150 Women Who Shake the World
They're starting revolutions, opening schools, and fostering a brave new generation. From Detroit to Kabul, these women are making their voices heard.
Tina Brown kicked off Newsweek and The Daily Beast's first-ever international edition of the Women in the World Summit in Sao Paulo, Brazil, on Tuesday, welcoming women from around the world who gathered to talk about crucial issues ranging from sex slavery to revolution in the Mideast.
Major Pricilla de Oliveira Azevedo in a shantytown in Rio. (Vanderlei Almeida, AFP / Getty Images)
At the first panel of the day, called “Brazil's Top Cops: Women Take Back the Streets,” two high-profile law-enforcement officials joined journalist Gloria Maria to discuss combating crime in Brazil. Both women agreed that the lack of a strong public health-care system contributed to crime in the country. Domestic violence, for one, is an epidemic.
“I joke a lot: Police aren’t from Mars. They aren’t from Venus. They are from the fruits of our society,” said Major Eliane Nikoluk Scachetti, commander of the fifth Military Police Battalion in Vale do Paraíba, São Paulo state, where she commands 800 men.
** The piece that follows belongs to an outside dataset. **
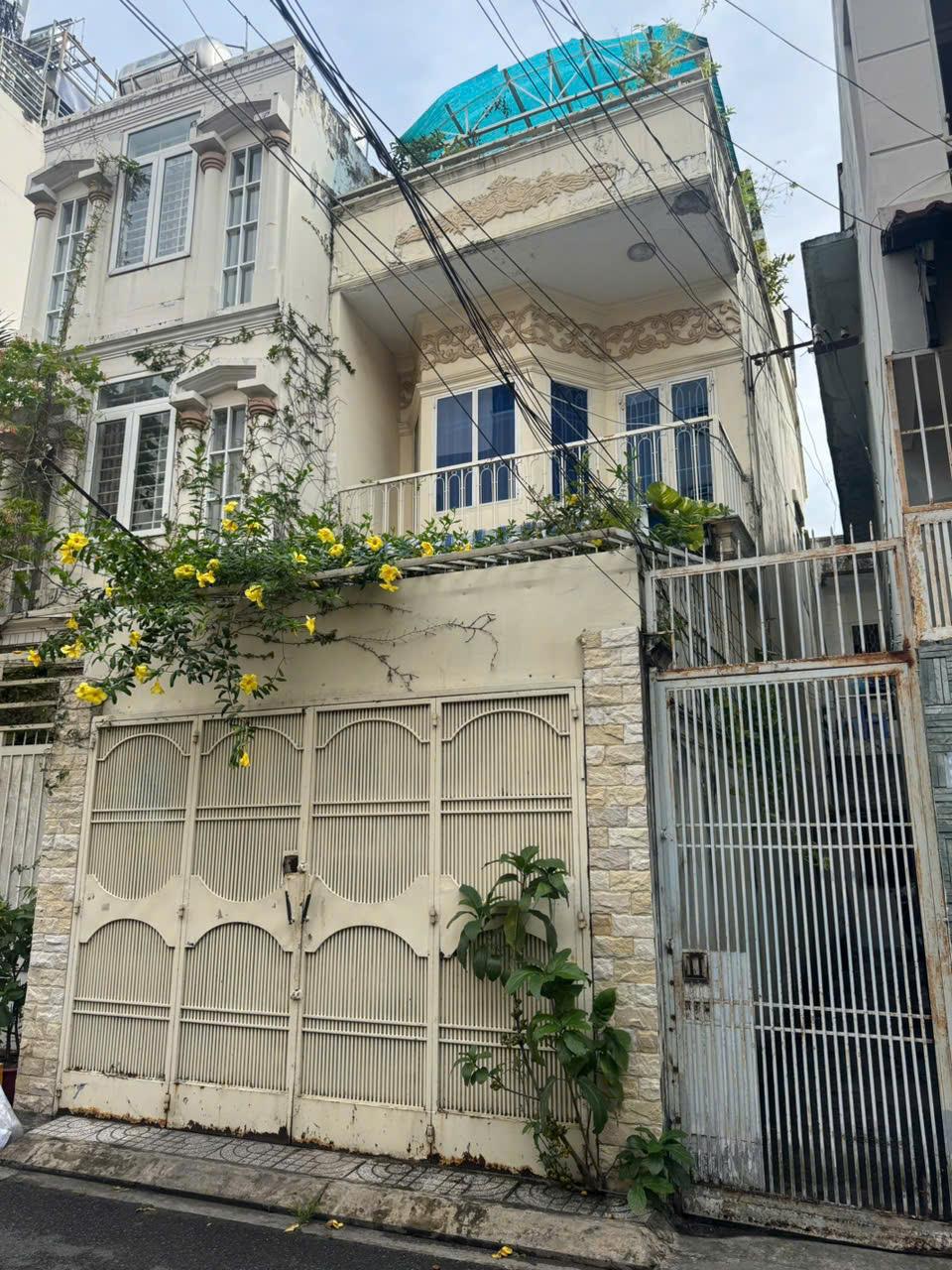 **Bán nhà hẻm khu Bàu Cát** phường 12 Tân Bình; (5,3*33) chỉ 12,4 tỷ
Noting that crime has been reduced by 70 percent in the past decade in São Paulo state, she said, “Family is the core to solve these problems, and women have a very important role in this.”
She was joined by Major Pricilla de Oliveira Azevedo, the coordinator of Strategic Programs for the Public Security Secretariat in Rio de Janeiro.
Newsweek and The Daily Beast took the summit to Brazil this year to highlight the fact that a female firebrand is president of the country, and the number of women breadwinners has doubled in a decade. Twice as many women hold top executive positions than they did a year ago. More Brazilian women earn Ph.D.s every year than men do. But electoral politics remains mostly a men’s club. And equal pay for equal work, a distant dream.
In a series of a dozen panels, the summit is addressing these issues both at home in Brazil and abroad, with speakers including Condoleezza Rice and Diane von Furstenberg offering their perspective.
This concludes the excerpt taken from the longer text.